Exercise materials:

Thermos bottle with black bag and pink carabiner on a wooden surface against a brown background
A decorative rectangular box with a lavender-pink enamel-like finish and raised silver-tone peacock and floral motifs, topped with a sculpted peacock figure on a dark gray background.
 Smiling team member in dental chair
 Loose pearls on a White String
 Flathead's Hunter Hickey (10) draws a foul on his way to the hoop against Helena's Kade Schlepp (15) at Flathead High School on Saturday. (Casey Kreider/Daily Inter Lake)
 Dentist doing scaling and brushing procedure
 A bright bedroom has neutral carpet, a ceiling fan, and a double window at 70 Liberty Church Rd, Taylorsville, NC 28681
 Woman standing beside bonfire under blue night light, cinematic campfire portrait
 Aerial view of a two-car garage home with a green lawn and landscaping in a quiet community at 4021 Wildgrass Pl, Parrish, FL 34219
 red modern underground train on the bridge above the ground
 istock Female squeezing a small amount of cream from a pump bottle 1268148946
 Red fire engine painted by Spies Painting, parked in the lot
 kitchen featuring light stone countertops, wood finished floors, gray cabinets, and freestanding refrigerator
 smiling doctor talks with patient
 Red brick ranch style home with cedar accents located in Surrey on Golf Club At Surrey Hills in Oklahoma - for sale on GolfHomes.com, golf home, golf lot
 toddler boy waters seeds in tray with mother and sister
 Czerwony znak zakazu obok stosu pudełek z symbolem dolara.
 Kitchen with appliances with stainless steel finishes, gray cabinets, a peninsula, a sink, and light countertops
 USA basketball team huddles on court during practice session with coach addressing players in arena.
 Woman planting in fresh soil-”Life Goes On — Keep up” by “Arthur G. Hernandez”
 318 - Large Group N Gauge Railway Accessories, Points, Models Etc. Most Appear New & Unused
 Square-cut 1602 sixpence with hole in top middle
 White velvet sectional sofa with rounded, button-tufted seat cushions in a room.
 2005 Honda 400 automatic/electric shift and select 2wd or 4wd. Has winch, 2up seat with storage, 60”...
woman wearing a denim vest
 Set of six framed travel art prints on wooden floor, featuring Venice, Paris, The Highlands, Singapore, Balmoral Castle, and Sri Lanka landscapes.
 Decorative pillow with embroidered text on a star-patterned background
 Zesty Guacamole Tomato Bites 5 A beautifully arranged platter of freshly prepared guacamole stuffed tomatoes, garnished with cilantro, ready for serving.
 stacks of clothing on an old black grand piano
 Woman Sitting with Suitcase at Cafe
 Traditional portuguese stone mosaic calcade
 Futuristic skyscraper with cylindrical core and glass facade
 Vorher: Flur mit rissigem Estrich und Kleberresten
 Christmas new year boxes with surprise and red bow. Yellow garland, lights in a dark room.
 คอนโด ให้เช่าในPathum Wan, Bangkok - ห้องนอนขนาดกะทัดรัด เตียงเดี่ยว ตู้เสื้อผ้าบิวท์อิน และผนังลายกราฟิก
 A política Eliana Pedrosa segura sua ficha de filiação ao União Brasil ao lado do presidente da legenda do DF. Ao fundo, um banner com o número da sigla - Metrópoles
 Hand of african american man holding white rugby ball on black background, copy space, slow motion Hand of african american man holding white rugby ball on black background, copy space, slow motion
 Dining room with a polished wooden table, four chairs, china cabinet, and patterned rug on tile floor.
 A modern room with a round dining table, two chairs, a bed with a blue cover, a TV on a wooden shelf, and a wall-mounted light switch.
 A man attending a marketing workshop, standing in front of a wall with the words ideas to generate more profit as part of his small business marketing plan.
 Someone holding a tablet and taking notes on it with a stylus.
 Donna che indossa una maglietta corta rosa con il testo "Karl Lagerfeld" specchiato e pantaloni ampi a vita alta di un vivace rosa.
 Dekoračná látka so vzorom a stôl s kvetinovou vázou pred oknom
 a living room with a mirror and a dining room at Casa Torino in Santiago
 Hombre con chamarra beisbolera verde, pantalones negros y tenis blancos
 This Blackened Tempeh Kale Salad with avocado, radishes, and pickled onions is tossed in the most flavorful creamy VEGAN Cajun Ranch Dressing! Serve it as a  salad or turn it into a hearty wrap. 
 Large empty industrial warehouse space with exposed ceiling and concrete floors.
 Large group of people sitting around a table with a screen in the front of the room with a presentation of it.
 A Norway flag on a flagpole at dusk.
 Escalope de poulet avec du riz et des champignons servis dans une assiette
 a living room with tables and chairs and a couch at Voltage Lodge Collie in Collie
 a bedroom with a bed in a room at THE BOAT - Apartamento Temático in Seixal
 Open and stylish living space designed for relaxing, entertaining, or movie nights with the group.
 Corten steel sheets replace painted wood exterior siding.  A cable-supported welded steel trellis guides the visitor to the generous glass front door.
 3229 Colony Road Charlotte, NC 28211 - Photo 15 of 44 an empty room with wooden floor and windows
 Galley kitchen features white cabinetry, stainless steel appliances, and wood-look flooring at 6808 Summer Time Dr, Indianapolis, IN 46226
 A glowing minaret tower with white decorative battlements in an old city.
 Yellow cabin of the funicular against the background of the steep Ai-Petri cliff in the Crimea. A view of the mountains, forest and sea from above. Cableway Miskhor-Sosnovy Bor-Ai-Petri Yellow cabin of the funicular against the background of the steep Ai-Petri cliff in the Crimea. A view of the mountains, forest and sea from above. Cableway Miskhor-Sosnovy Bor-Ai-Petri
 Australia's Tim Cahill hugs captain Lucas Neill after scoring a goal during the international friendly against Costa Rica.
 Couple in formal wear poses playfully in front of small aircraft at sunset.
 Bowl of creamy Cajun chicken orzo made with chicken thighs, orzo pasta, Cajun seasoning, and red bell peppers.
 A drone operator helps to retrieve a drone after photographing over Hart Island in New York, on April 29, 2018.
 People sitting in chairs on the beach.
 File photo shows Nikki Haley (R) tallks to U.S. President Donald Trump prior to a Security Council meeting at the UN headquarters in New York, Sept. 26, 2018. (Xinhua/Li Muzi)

Exercise instructions: Copy down every line of the entries containing the word "York".

The completed task:
 A drone operator helps to retrieve a drone after photographing over Hart Island in New York, on April 29, 2018.
 File photo shows Nikki Haley (R) tallks to U.S. President Donald Trump prior to a Security Council meeting at the UN headquarters in New York, Sept. 26, 2018. (Xinhua/Li Muzi)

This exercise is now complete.